Project description:Introduction:Endoscopy education in the US traditionally follows the apprenticeship model, in which educators often have little formal training in education, and the acquisition of procedural skills by trainees relies heavily on procedure volume and learning by doing. A growing appreciation of the need to formally educate endoscopy trainers has led to the development of mandatory training curricula in other countries, but the implementation of such courses in the US has been limited. This 1-hour workshop aimed to provide educators the rationale and skills to offer a more standardized approach to procedural training. Methods:We implemented a 1-hour interactive workshop designed for both gastroenterology faculty and trainees. The four sections of the workshop focused on: (1) rationale for standardized approach, (2) verbal and physical preparation for training, (3) training using standardized language and avoidance of cognitive overload, and (4) providing feedback. Four interactive video cases followed by large-group discussion were included. Results:A total of 13 gastroenterology faculty and trainees attended the workshop.
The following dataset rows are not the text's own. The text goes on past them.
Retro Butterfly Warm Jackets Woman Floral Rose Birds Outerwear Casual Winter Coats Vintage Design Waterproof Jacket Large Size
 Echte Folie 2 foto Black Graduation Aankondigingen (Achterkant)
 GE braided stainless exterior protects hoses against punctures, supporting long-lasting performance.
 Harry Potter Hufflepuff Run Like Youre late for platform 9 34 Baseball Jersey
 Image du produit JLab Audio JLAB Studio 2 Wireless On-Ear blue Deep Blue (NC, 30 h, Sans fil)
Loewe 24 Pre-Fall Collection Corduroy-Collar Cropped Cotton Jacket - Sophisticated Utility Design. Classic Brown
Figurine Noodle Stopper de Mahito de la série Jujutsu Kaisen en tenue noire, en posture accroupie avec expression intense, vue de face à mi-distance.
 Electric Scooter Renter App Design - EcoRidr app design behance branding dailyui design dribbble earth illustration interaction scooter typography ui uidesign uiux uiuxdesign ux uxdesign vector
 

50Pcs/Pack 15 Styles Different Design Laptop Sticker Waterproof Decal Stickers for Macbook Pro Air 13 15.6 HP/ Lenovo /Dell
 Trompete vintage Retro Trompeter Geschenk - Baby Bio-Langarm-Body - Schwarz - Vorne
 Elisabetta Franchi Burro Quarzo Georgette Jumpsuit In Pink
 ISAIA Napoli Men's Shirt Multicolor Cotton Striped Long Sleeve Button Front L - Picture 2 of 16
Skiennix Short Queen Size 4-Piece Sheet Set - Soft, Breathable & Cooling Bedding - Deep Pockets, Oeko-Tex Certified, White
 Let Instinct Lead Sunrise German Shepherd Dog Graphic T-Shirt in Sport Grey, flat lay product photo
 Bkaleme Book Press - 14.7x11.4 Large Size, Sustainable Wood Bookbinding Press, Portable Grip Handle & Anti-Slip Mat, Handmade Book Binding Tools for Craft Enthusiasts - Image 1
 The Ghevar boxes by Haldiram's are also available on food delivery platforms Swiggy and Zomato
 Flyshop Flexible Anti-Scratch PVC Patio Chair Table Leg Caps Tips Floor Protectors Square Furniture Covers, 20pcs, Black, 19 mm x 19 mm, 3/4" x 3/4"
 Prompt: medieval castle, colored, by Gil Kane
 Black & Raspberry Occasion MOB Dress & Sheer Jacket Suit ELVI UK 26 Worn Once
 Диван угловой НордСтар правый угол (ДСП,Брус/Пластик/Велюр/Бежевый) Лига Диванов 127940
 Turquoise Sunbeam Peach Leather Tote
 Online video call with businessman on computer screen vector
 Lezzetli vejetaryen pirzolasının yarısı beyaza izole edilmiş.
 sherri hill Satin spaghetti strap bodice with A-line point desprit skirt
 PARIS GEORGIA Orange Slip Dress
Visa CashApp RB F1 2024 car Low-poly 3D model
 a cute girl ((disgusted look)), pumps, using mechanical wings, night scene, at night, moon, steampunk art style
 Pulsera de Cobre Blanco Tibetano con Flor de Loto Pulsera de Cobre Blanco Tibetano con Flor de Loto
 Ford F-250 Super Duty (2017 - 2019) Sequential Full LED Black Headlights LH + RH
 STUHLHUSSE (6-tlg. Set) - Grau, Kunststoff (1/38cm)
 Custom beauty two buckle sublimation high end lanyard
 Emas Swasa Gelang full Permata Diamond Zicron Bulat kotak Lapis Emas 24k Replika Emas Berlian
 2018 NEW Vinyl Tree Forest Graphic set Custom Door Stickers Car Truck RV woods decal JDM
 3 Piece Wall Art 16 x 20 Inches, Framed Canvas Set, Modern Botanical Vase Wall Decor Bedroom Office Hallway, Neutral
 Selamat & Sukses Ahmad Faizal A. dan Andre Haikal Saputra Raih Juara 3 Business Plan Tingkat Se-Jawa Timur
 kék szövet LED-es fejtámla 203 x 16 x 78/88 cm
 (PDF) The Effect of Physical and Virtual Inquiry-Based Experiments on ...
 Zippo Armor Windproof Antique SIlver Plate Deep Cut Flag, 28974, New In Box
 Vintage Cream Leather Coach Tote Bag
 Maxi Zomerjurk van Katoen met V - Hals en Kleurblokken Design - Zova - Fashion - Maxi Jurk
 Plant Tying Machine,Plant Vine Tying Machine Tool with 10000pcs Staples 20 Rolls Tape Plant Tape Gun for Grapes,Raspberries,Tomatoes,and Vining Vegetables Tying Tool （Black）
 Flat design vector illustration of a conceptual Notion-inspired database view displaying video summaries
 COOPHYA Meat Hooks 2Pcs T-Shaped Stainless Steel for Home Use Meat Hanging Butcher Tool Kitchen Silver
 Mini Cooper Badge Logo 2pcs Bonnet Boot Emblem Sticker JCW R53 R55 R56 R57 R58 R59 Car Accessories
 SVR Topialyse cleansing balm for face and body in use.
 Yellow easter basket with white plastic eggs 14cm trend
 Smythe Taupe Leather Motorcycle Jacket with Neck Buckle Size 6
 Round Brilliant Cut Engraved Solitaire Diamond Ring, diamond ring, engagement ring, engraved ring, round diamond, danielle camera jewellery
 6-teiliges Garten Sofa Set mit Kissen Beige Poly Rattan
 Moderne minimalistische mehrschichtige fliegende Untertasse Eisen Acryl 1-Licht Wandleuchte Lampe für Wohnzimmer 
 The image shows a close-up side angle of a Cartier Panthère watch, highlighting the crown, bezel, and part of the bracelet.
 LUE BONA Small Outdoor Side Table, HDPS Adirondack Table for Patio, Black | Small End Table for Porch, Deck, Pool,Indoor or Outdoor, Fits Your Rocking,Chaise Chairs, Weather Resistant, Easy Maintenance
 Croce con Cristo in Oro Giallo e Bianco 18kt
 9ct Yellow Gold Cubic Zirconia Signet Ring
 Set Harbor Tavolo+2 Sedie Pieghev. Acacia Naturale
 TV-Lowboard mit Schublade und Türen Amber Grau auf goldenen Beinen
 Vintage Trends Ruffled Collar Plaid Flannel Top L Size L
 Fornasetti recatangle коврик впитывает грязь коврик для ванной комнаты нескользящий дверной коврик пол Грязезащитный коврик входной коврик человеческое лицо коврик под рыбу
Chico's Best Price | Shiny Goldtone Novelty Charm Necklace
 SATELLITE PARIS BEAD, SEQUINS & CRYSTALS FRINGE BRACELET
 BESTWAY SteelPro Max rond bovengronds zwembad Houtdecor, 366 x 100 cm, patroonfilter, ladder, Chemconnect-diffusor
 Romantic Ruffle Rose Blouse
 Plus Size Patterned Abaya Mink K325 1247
Eight additional members of the gastroenterology faculty watched an online video of the workshop. Survey data revealed that the workshop was effective in helping faculty set goals with trainees (M pre = 2.4, M post = 3.6), identify standardized language to use during endoscopy (M pre = 3.1, M post = 3.8), and give feedback after sessions (M pre = 3.4, M post = 4.1). Discussion:A 1-hour lecture-based interactive workshop with video cases was an engaging and effective introduction to formal endoscopy education techniques. The format was easy to incorporate into faculty conferences and can help bridge the current gap in formal endoscopy faculty training.